- Interactive map of Kewadin Casino, Hotel and Convention Center
- Location: 2186 Shunk Road Sault Ste. Marie, Michigan 49783; 46°28′33″N 84°19′24″W﻿ / ﻿46.47575°N 84.32329°W;
- Opened: November 1985; 40 years ago
- No. of rooms: 320
- Casino type: Land-based
- Owner: Sault Ste. Marie Tribe of Chippewa Indians
- Website: www.kewadin.com/sault

= Kewadin Casino, Hotel and Convention Center =

Kewadin Casino, Hotel and Convention Center is a casino, hotel, and convention center in Sault Ste. Marie, Michigan which opened in November 1985. It is one of the Kewadin Casinos, which are all owned and operated by the Sault Tribe of Chippewa Indians.

== History ==
The Sault Tribe of Chippewa Indians Board of Directors approved the opening of a casino in 1984. The Kewadin Casino, Hotel and Convention Center opened in November 1985, originally as a one-room blackjack house.

The facility was expanded in 1988, 1992, 1993, 1994, 1997, and 2004.

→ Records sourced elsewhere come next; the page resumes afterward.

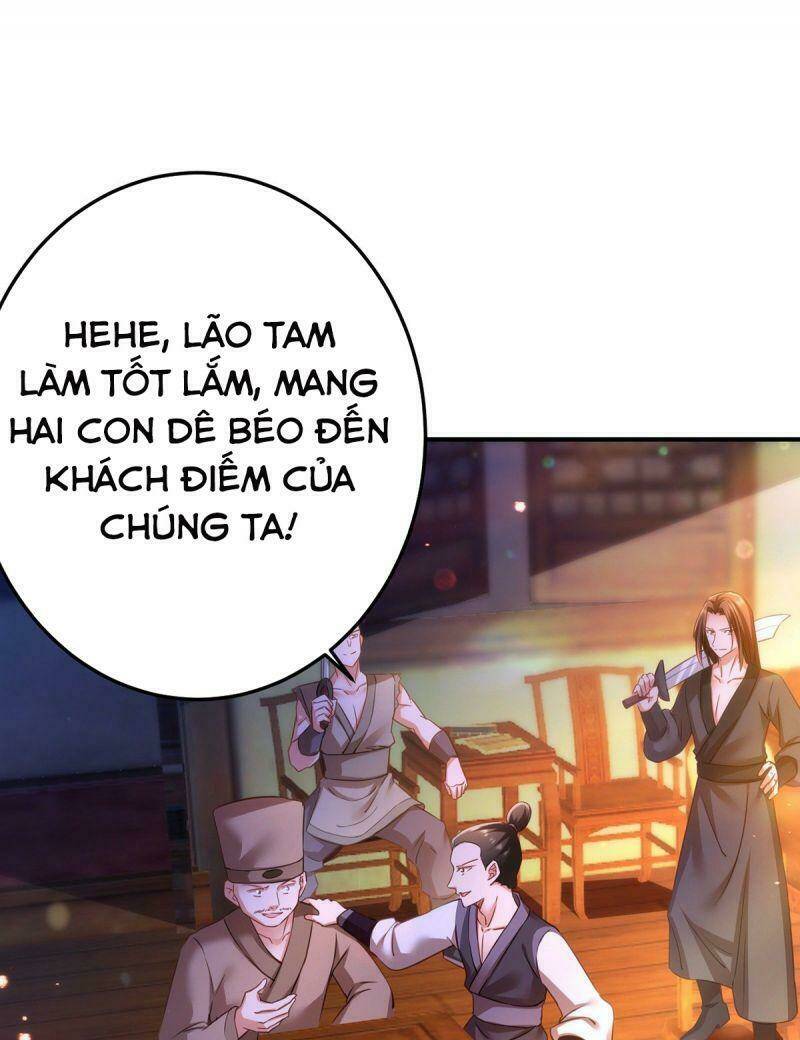 Ngã Tại Hậu Cung Đương Đại Lão Chapter 49 - Trang 2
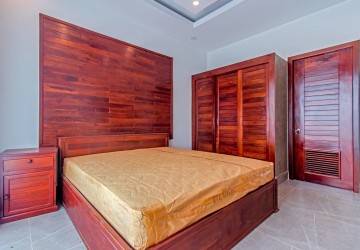 2 Bedroom Apartment For Rent - Slor Kram, Siem Reap thumbnail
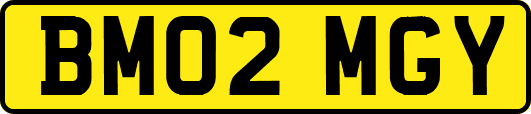 BM02MGY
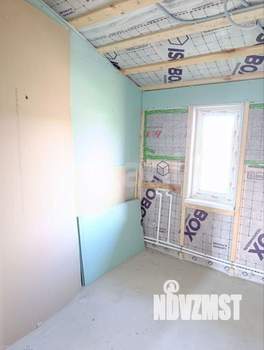 Дом 72м&sup2;, 1-этажный, участок 5 сот.  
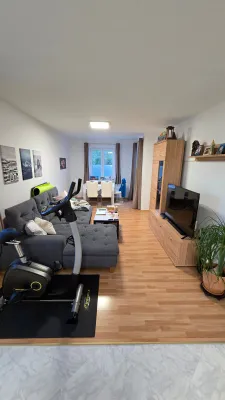 3-Zimmer-Wohnung mieten in Amstetten – 78 m², € 710 – Bild 13 von 15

In June 2011, an anonymous tip led to the arrest of two Oklahoma residents by the Sault Ste. Marie Tribal Police after being observed by casino security personnel of using a device to manipulating gaming machines into paying larger payouts. A subsequent investigation by the Sault Ste. Marie Tribal Police and Federal Bureau of Investigation revealed that six individuals had been working together and traveled to the casino on 52 weekends between June 2009 and June 2011 stealing approximately $310,000 from the casino. In October 2013, the six each pleaded guilty to a count of conspiracy to commit theft from a gaming establishment on Indian lands. They were each sentenced by U.S. District Judge Robert Holmes Bell on March 1, 2014.

== Features ==
Kewadin Casino, Hotel and Convention Center includes a casino gaming space, a 320-room hotel, and a 25,000 sqft convention center. The facility also includes 3,272 sqft of kitchen space and a 12,019 sqft restaurant which serves over 400,000 people per year. The facility's Dreamcatchers restaurant includes keno gaming.